Minerva avait suivi Alistair jusqu’à la caverne où Kerran était endormi. Alistair avait répondu franchement à une de ses questions et passé un commentaire sur ces gens qui s’en prenaient aux enfants. Elle fit la grimace.

– Je vous le concède. En s’en prenant aux enfants, ils visent la relève d’un peuple. N’empêche, devant un homme comme vous, ils font dans leurs pantalons. Alors, ça en dit long sur leur «grand courage».

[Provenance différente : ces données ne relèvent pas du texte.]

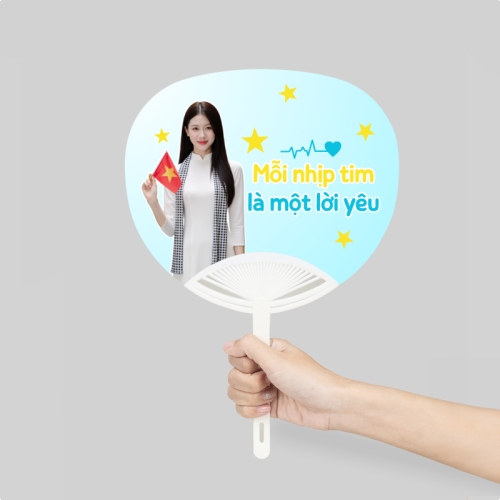 Mẫu Quạt cầm tay Quạt cầm tay — LayerPic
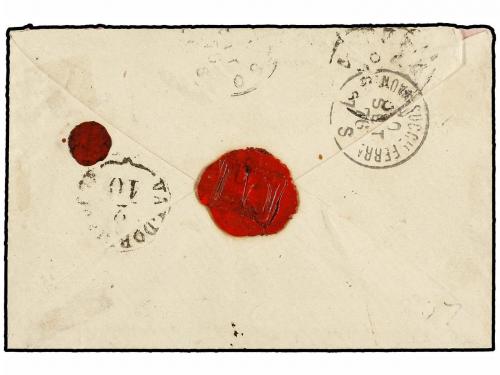 ✉ ARGENTINA. 1876. BUENOS AIRES a VALDOBBIADENE (Italia). Se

Ils poursuivirent ensuite sans échanger d’autres paroles jusqu’à l’entrée de la caverne. Minerva y suivit Alistair. Elle n’eut pas besoin de lumière pour constater avec stupeur que Kerran ne s’y trouvait plus. Pas de traces de lutte dans la grotte. S’était-il éveillé pendant qu’ils étaient à l’extérieur et sorti pour tenter de les retrouver? Elle ressortit sans attendre pour jeter un œil aux alentours, observant les traces sur le sol. Elle s’agenouilla et observa avec attention. Outre celles qu’ils avaient laissées en arrivant, il y en avait des plus petites qui partaient dans la direction opposée. Minerva redressa la tête.

– Kerran!


Sa voix faisait écho à celle d’Alistair dans la grotte. Le père vint la rejoindre quelques instants plus tard. Elle se releva et vint pour lui mentionner ce qu’elle avait trouvé, mais s’en abstint en voyant passer dans son regard une ombre l’avertissant qu’il se préparait sans doute passer à l’action. Elle passa son arc en bandoulière et attendit, le voyant fermer les yeux et une grande concentration marqué ses traits. Lorsqu’il les rouvrit, Minerva retint son souffle. Il la contourna et elle vit une paire d’ailes apparaître dans son dos. Décidément, cet homme était plein de surprise. Il se tourna vers elle un bref instant.

– Votre fils a besoin de vous, faites ce que vous avez à faire! fut la seule chose qu’elle répondit à son interrogation silencieuse.


Elle le vit alors revenir vers elle, l’agripper et avant qu’elle réalise ce qui se passait, se retrouva dans les airs. Elle se cramponna à Alistair, veillant à ne pas nuire à son vol. Elle n’avait pas du tout envie d’être la première elfe de la nuit à tenter la chute libre. Son cœur battait à tout rompre. Le père allait à une vitesse vertigineuse. Elle devait reconnaître que le vol de cette manière et à cette hauteur n’était finalement pas sa tasse de thé. Léviter de quelques mètres d’accord. Mais ainsi, au-dessus des arbres… Non!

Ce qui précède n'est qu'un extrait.